[TASK INPUT]:
************
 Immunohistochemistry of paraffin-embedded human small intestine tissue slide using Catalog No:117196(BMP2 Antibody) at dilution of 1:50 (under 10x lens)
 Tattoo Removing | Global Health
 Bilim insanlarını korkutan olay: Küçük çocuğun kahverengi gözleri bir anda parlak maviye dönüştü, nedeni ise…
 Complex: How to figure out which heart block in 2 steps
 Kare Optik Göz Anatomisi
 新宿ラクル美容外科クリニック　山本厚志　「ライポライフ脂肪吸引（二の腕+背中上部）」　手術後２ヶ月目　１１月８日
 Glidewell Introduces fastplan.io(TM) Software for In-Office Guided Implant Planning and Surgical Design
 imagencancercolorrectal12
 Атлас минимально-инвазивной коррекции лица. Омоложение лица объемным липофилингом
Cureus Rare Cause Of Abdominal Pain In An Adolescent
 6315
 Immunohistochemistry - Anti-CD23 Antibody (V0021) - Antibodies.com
************
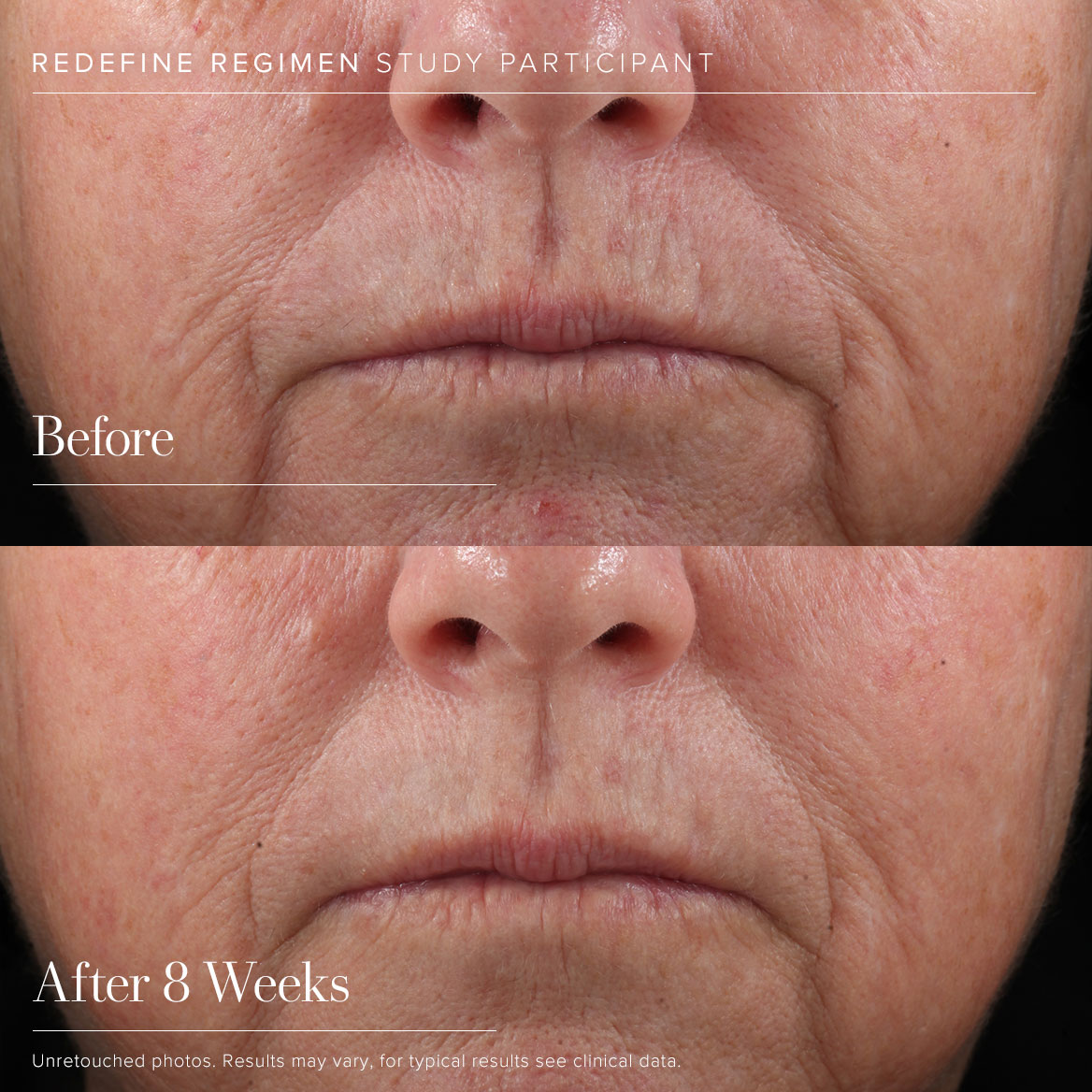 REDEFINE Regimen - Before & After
************
Starting with the line above that holds "Immunohistochemistry of paraffin-embedded" and stopping with the line that holds "Complex: How to", reproduce each line exactly, omitting all other lines.

 Immunohistochemistry of paraffin-embedded human small intestine tissue slide using Catalog No:117196(BMP2 Antibody) at dilution of 1:50 (under 10x lens)
 Tattoo Removing | Global Health
 Bilim insanlarını korkutan olay: Küçük çocuğun kahverengi gözleri bir anda parlak maviye dönüştü, nedeni ise…
 Complex: How to figure out which heart block in 2 steps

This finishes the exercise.